According to the French newspaper L’Union, the price per KG of grapes in the region during the 2014 harvest reached an impressive 6.4 Euro/kg for Grand Crus villages.
The lowest prices for some of the “ordinary” Crus was 5.9 Euro/kg, which results in an impressive average of 6.15 €/kg.
The price of champagne grapes has been constantly on the rise in the last decade with a price in 2013, between 5,50 and 6,20 €/kg.
As a matter of comparison, according to Freixenet, (the world’s largest producer of non–champagne sparkling wines) the average price of grapes from the Penedes region in Catalonia used to produced Cava sparkling wine is about 0.8 €/kg.
It takes about 1.2kg of grapes to produce a standard (75cl) bottle of champagne, and 1.5kg for most of the best champagne houses that only use the so called “first press”, as Bruno Paillard, President of the champagne house Bruno Paillard and Chairman of Lanson-BCC the second largest group in Champagne explains.
“This year grape prices are increasing once again, but less than they did last year. In the less important Crus price per kg is about € 5.2 while in the best Grands Crus it reaches € 6.80 if not € 7” Paillard clarifies.
So a basic math exercise tells us that in a bottle of champagne we are drinking from 6 to 10 Euros worth of grapes, excluding all the other costs associated with the production of champagne.
So then, why are Champagne grapes so expensive?
According to Michel Drappier, President of the renown Drappier House in the Aube region: “Champagne grapes are expensive because it is more difficult to grow vineyards in the North of France than Penedes. Champagnes are extremely elegant wines but they are made in a region which yields a much lower output than Cava or Prosecco for example. The density per hectare ( 8,000 plants) is much higher than any other sparkling wine region on the planet, and requires a lot more labour.”
Let’s not forget that it is indeed a norther terroir, with its cool climate and chalky soil, that enables champagne to be the fine and elegant wines that they are.
Didier Depond, President of Salon, one of the most acclaimed and expensive champagne adds on that: “There are strict regulations in place in Champagne, including environmental regulations, that are unique to our region, to ensure high quality grapes and wines, that impact on the price of grapes.”
Charles Philipponnat, President of the connoisseur House Philipponnat that owns one of the most remarkable vineyard in the Champagne region, Clos Des Goisses, insists on this point: “The vast majority of Prosecco, for example, are not Protected Designation of Origin wines.

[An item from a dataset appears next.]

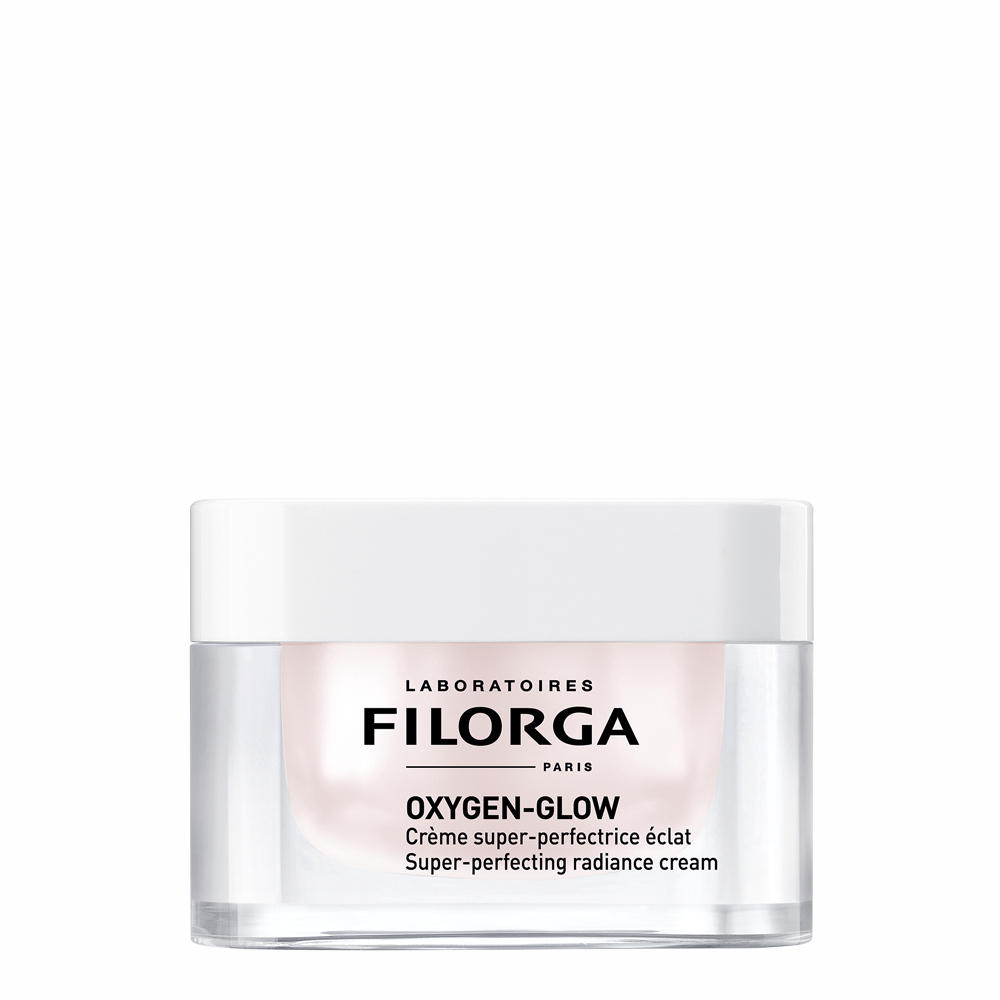 Filorga Oxygen Glow 50ml.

Hence they do not have to follow very strict regulations as for champagne. There are indeed higher quality DOCG Prosecco but these remain a minority.”
Still, according to Veneto Agricultura, the Italian government agency from the region where Prosecco is produced, in 2013 the average price of the Glera grapes from the province of Treviso, used to produce DOCG Prosecco was just about 1.18 €/kg.
Market forces and economics also contribute to the high pricing, as Drappier explains: “Although Champagne grapes are expensive to produce, its rarity makes it even more costly. Demand is still higher than offer, so large (and wealthy) negociants (i.e. large Champagne Houses) accept to pay a little more every year to match their needs.”
Cecile Bonnefond, President of Piper-Heidsieck and of Charles Heidsieck, one of the oldest and largest Champagne Houses and the darling champagne of the Champenois confirms: “In Champagne we always strive for excellence and this starts first in the vineyard, where excellence comes at a price. Champagne is an exceptional and superior wine and we work hard to keep it that way.”
Hopefully, looking at the future trend of grape prices, the cost of grapes per/kg could eventually stabilize if not go down.
As Pierre-Emmanuel Taittinger, President of this historic Taittinger House, explains: “The Champagne region still includes available lands that enjoy unique technical features necessary for the productions of superior wines. It is our hope that when these lands will be planted with vines and properly exploited, the price of grapes may eventually descend.”